--- Record excerpts ---
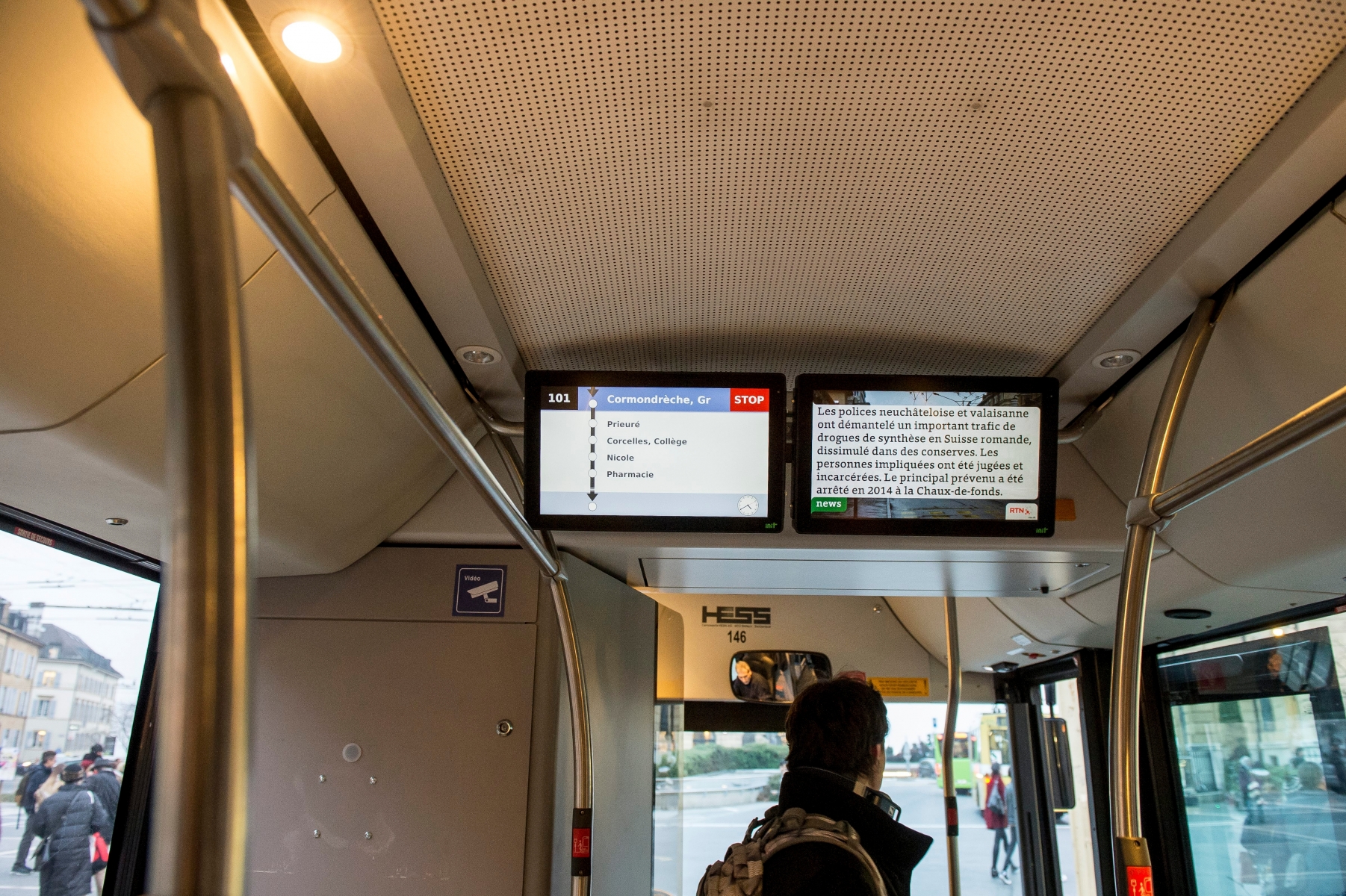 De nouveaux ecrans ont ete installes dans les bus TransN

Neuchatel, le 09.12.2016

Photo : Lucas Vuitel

--

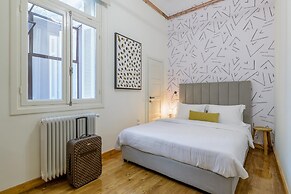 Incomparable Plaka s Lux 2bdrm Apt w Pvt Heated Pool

--- Problem statement ---
Look above for the line with "De nouveaux ecrans" and the line with "Photo : Lucas Vuitel". Output those two and everything between them exactly, pictures excluded.

--- Task answer ---
 De nouveaux ecrans ont ete installes dans les bus TransN

Neuchatel, le 09.12.2016

Photo : Lucas Vuitel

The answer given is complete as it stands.